As filipetas morreram ou só andam subutilizadas?
Sou velho o suficiente para ter visto ciclos começarem e passarem. Tenho muita esperança hoje em dia porque acho que o círculo está voltando para o punk. Costumávamos ter Solid Gold passando na TV, agora você tem Dancing with the Stars. Todo mundo está focado nos singles de novo. É como se fosse 1976 novamente. E o que saiu disso foi o punk, o hip hop, a cultura do Faça-Você-Mesmo e a confecção de filipetas. Vi o vinil voltar. Vi o ressurgimento do foco na qualidade em vez da quantidade.

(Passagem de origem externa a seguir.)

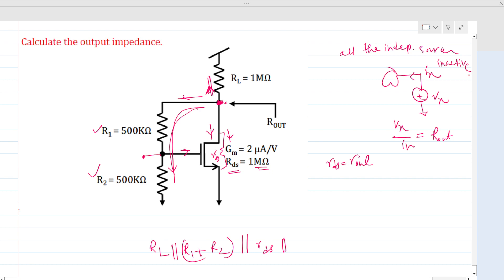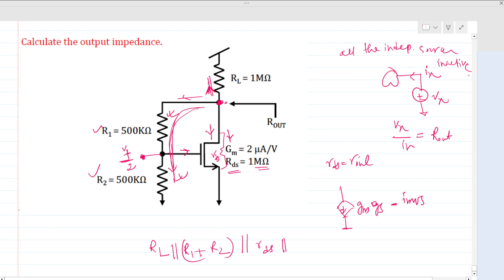At this node, if we apply the test voltage, the voltage here is vt/2 because the two resistances are equal and only one current flows through this path — a resistive divider. The dependent current source is gm times vgs. Here vg is nothing but vt/2, so for imos we can see that vg equals vt/2. Therefore vt over imos equals 2 over gm.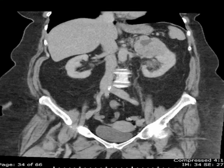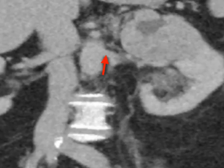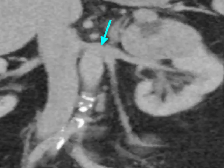As we scroll, we can also see the left renal artery as well as the left renal vein, which drains into the inferior vena cava.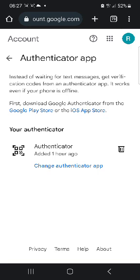In this video, I will show you how to do a successful two-factor authentication on Bybit. A lot of people get error codes when they try to do two-factor authentication on Bybit.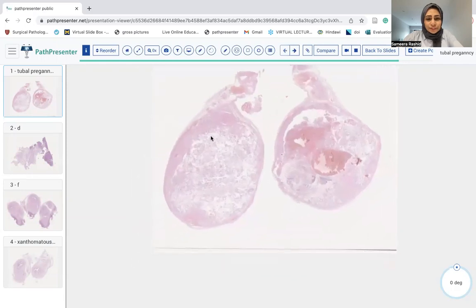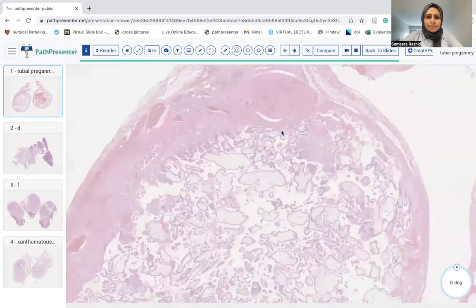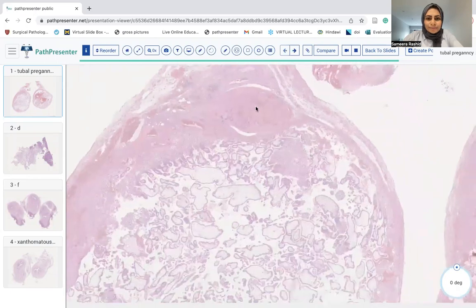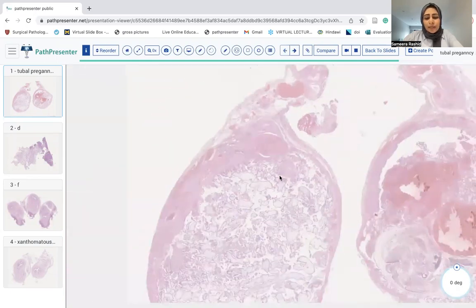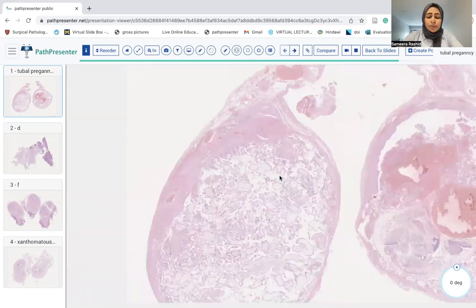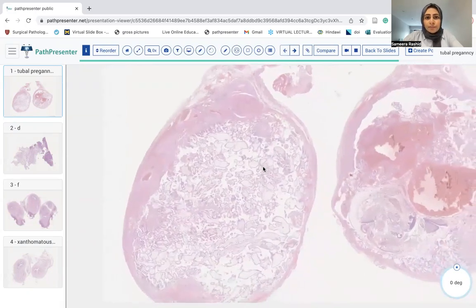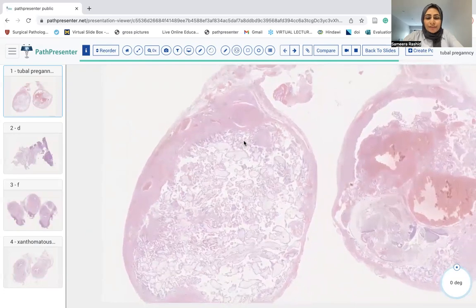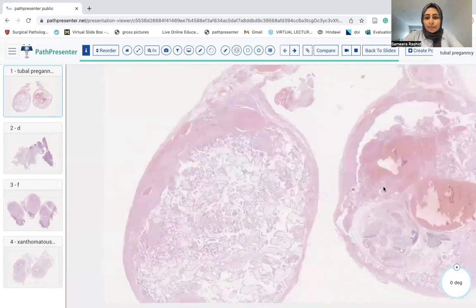This first lesion is not uncommon, and it presents in a female who has abdominal pain and a positive pregnancy test. A uterine ultrasound does not reveal intrauterine pregnancy, and there is some irregularity in the fallopian tubes noted. So the fallopian tube is removed.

As filipetas eram para ser descartáveis, se você guardava alguma e ela durava 30 anos era um milagre. Vejo aquela filipeta do Fuck-Up e lembro exatamente onde eu estava naquele dia. Fazia tanto calor que as paredes suavam. Lembro daquilo. É como pegar uma estrela. É físico. É uma experiência. Não me sinto assim com as filipetas de internet. Acho que as pessoas vão perceber que querem mais. Todo mundo está disponibilizando discos e MP3s, mas, no final das contas, as pessoas querem mais de uma experiência pra ajudá-los a ver além das porcarias. Se você dá uma filipeta para alguém e essa pessoa vai ao show, a experiência vai ser muito mais forte do que se ela simplesmente ficar sabendo disso por alguma rede social.